Friday, November 27, 2009

Krugman: time for Financial Transaction taxes

The Nobel prize winning economist Paul Krugman is noting:

"Should we use taxes to deter financial speculation? Yes, say top British officials, who oversee the City of London, one of the world’s two great banking centers. Other European governments agree — and they’re right."

And, as is well known:

"It would be a trivial expense for long-term investors, but it would deter much of the churning that now takes place in our hyperactive financial markets.

This would be a bad thing if financial hyperactivity were productive. But after the debacle of the past two years, there’s broad agreement — I’m tempted to say, agreement on the part of almost everyone not on the financial industry’s payroll — with Mr. Turner’s assertion that a lot of what Wall Street and the City do is “socially useless.” And a transactions tax could generate substantial revenue, helping alleviate fears about government deficits. What’s not to like?"
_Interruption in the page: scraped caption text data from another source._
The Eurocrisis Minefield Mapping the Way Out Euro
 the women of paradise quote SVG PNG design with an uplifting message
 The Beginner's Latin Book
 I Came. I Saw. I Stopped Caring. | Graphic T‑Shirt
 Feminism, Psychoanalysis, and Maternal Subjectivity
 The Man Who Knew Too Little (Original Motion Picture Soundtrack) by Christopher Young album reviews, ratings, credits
Read the rest here. As he explains, its opponents who say it's unworkable and doesn't address the real problem, are plain wrong.

And on a separate but somewhat related matter, it's also worth reading Martin Wolf - the FT's chief economics correspondent - on why it's time to tax bankers' pay. Among other things, he explains that:

"Since the aim of policy is to recapitalise the banks, the tax should not reduce their ability to do so. It would be far better then to impose a tax on contributions made to the bonus pool. There is no public interest in such payments."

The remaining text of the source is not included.